------ EXERCISE MATERIALS ------

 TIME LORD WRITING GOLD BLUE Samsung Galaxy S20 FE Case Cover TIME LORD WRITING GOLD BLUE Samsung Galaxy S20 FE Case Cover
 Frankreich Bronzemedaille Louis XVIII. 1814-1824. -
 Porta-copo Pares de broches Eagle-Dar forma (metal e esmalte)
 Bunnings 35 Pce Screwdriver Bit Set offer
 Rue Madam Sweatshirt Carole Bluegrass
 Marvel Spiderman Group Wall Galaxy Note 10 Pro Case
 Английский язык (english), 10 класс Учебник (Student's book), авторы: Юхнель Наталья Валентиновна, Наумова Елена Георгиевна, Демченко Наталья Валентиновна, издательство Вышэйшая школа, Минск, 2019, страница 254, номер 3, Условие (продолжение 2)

------
------ EXERCISE MATERIALS ------

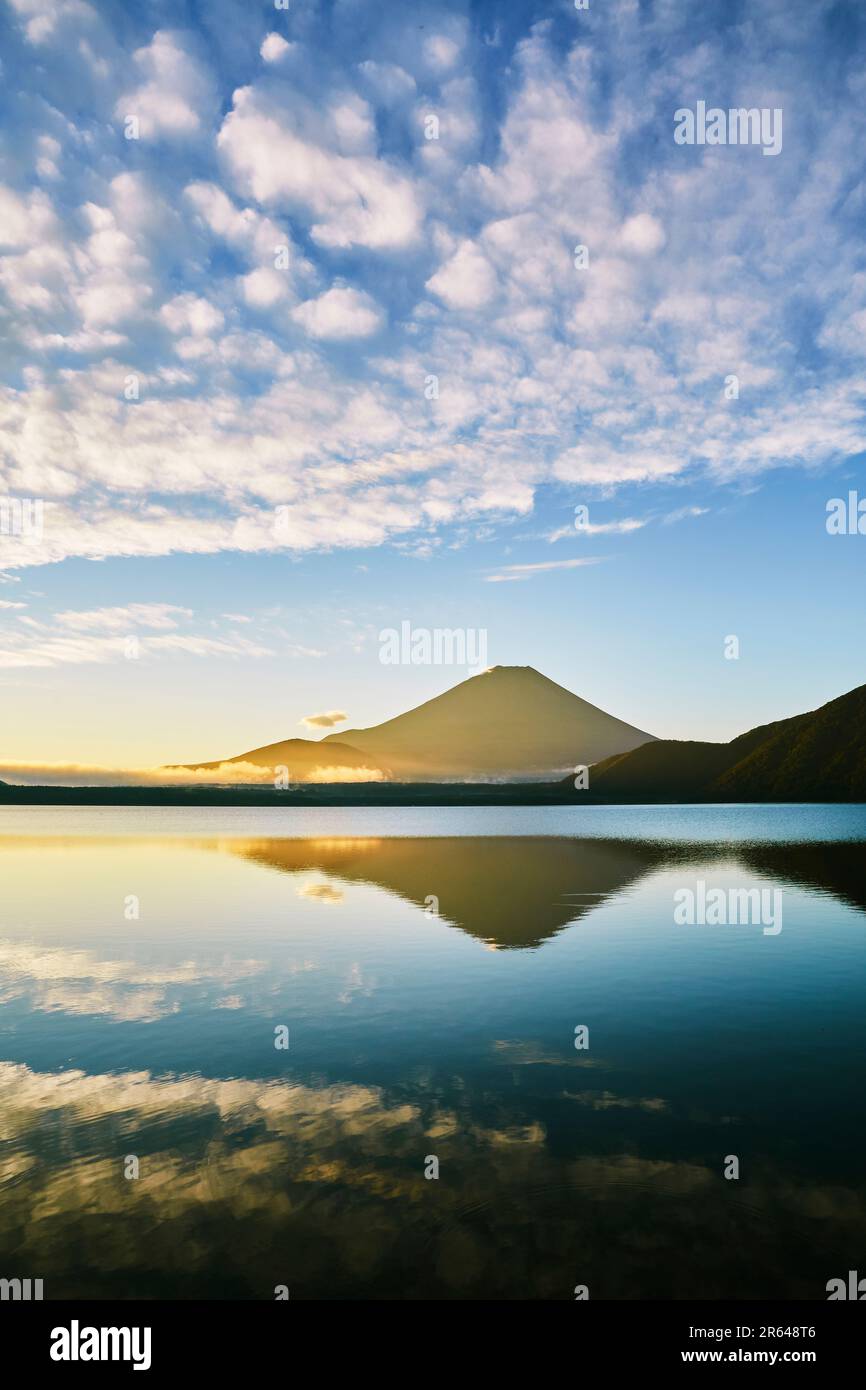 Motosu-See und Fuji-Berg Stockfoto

------

*WHAT THE EXERCISE ASKS:*
In the records above, some lines hold the word "Case"; copy each such line.

*EXPECTED OUTPUT:*
 TIME LORD WRITING GOLD BLUE Samsung Galaxy S20 FE Case Cover TIME LORD WRITING GOLD BLUE Samsung Galaxy S20 FE Case Cover
 Marvel Spiderman Group Wall Galaxy Note 10 Pro Case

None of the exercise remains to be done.